Kita semua telah melihat video pidato inspiratif Enrique, di mana ia mengatakan kepada Kylian Mbappé bahwa untuk menjadi pemimpin sejati, ia harus mencontoh legenda NBA, Michael Jordan. "Saya telah mendengar bahwa Anda suka Michael Jordan," ucap Enrique kepada striker PSG saat itu. "Michael Jordan membuat semua rekan setimnya berjuang dan bertahan seperti orang gila. Anda harus memberi contoh itu terlebih dahulu — sebagai pribadi dan pemain — dengan menekan."

Butuh waktu bagi PSG untuk mengadopsi tuntutan Enrique. Talenta ada di sana; tim ini berbakat di hampir setiap posisi. Mereka membangun kembali dan mengatur ulang setelah Mbappé pindah ke Real Madrid. Komitmen terhadap kolektif di atas bintang individu adalah perubahan drastis dari PSG sebelumnya. Pada hari Jumat, Enrique diberitahu bahwa Dembele telah membahas kebebasan yang ia rasakan di lapangan dalam sebuah wawancara dengan tim media sosial PSG. "Ini bukan hanya tentang bermain baik atau melakukan peran Anda — itu harus bermanfaat bagi tim," kata pelatih tersebut. "Dan itu melibatkan serangkaian tanggung jawab dan kerja keras."

"Jika orang ingin menyebutnya 'kebebasan', maka kebebasan adalah berjuang untuk rekan tim Anda. Kebebasan adalah berjuang untuk tim Anda. Kebebasan adalah berjuang untuk klub Anda — bermain sepak bola, yang merupakan apa yang kami tuju."

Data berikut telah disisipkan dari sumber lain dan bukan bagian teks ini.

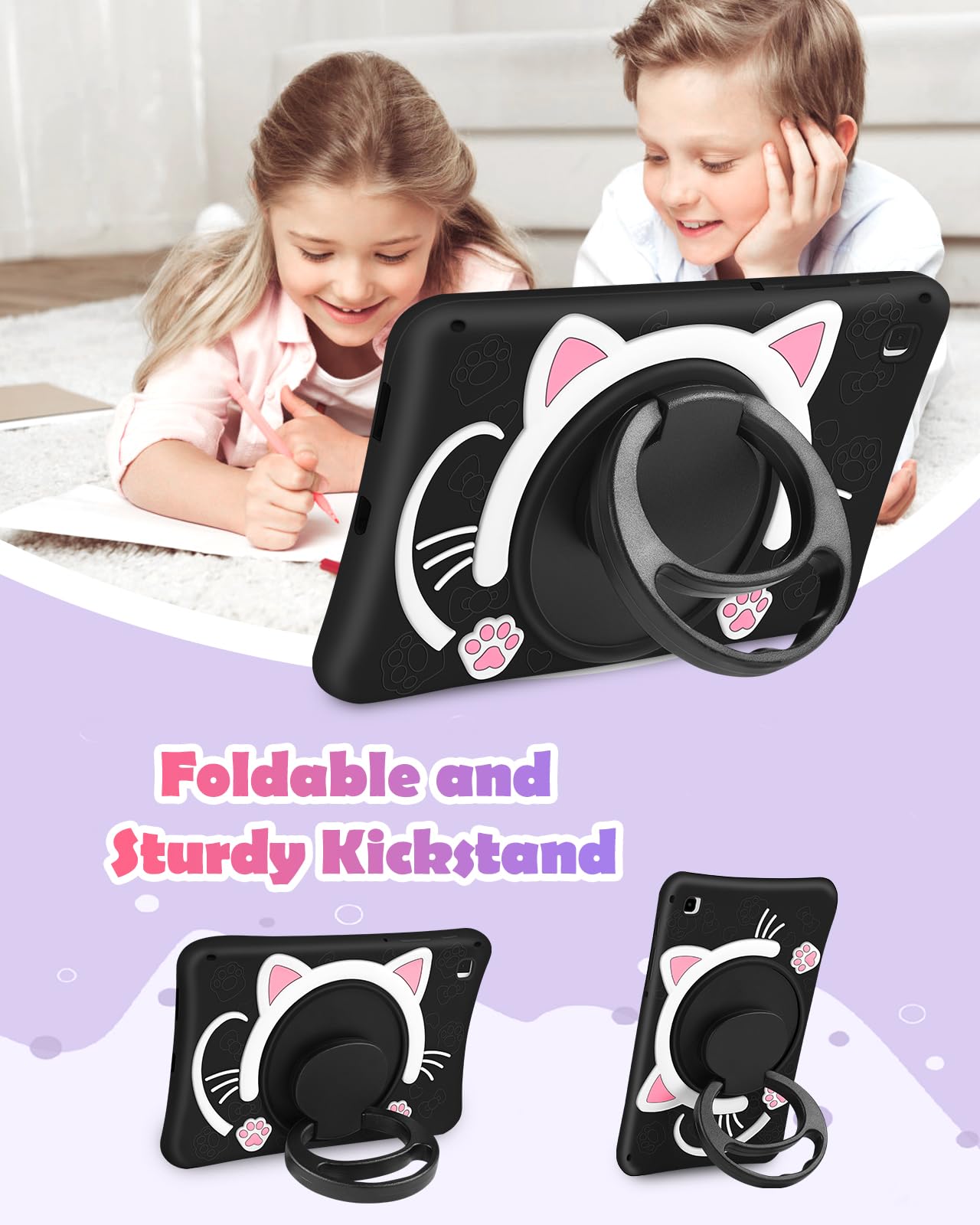 Wazzasoft For Samsung Galaxy Tab S6 Lite 10.4    Case Girls Cute Black Cat Cover Girly Kawaii Cartoon Women Kitten With Rotating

Madrid adalah lawan selanjutnya, dalam semifinal besar di MetLife Stadium di New Jersey. Pertemuan kembali dengan Mbappé akan memicu semangat menjelang pertandingan tersebut. Namun, bisakah PSG yang telah teruji menghadapi tantangan untuk menguasai Eropa dan kini berambisi menaklukkan dunia?